Euh… Que signifient ces termes de marketing ?

Par les temps qui courent, nous sommes submergés de nouveaux termes de marketing, souvent liés à la technologie, mais il n’est pas toujours clair quelle est leur signification, ou quel est leur intérêt pour nous. C’est pourquoi Magazine Media donne la parole à des experts en la matière. Ils vous guident sans faute à travers le dédale de jargon.

Affinity marketing

Dans l’affinity marketing (ou marketing d’affinité), deux entreprises ou organisations, voire plus, concluent une collaboration afin que chacune puisse en tirer profit. Dans ce cas, il est important que les cibles des partenaires se recoupent au moins partiellement. Que les choses soient claires : il ne s’agit pas ici de co-branding, où l’on commercialiserait alors ensemble un produit ou un service.

Wouter Temmerman sur l’affinity marketing

Affluent marketing

Le terme affluent marketing désigne le marketing destiné aux personnes fortunées. Il s’agit alors de personnes qui, grosso modo, disposent d’un million de dollars à dépenser librement. De ce fait, elles peuvent se permettre le grand luxe. La manière de gérer cette richesse – et, surtout, de la montrer au grand jour (ou non) –, a toutefois fort changé. Depuis la pandémie du coronavirus, et non plus depuis l’inflation qui a érodé le pouvoir d’achat de tant de gens, ces nantis font moins étalage de leur richesse. On voit moins de logos imposants sur les vêtements, moins de voitures tape-à-l’œil, etc. On parle alors de stealth wealth (richesse furtive).

Herman Konings sur affluent marketing

Intelligence artificielle

L’intelligence artificielle est un système informatique capable de traiter des masses de données et de s’en servir ensuite pour faire des choses plus rapidement, plus efficacement et plus correctement que les humains. Le terme existe depuis très longtemps : il y a plus de 50 ans, le test de Turing a été mis au point. Celui-ci devait déterminer si les ordinateurs disposent d’une intelligence humaine. Ce sera le cas lorsqu’ils seront capables de mener des conversations sans que les gens ne réalisent qu’ils discutent avec un ordinateur. Malgré des développements comme les chatbots, nous n’en sommes pas encore là.

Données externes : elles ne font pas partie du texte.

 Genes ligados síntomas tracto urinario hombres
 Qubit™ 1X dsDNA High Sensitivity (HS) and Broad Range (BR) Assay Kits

Steven Van Belleghem sur l’intelligence artificielle

Brand purpose

Outre la définition classique « la ‘purpose’ est la raison d’être supérieure d’une marque (au-delà du profit) », je préfère la définition plus puissante « la ‘purpose’ est l’âme d’une marque ». Chaque entreprise sait CE qu’elle produit ; peu d’entre elles savent POURQUOI elles sont pertinentes pour la société. Les marques fortes s’appuyant sur une purpose ont souvent un ‘point de vue’ sur le monde dans lequel elles opèrent. Par exemple IKEA, qui depuis plus de 70 ans est synonyme de ‘to improve the everyday life of the many people’. Il s’agit là d’une purpose qui n’a rien perdu de sa pertinence à une époque où nos vies ne font que se complexifier et nos habitations rétrécissent de plus en plus.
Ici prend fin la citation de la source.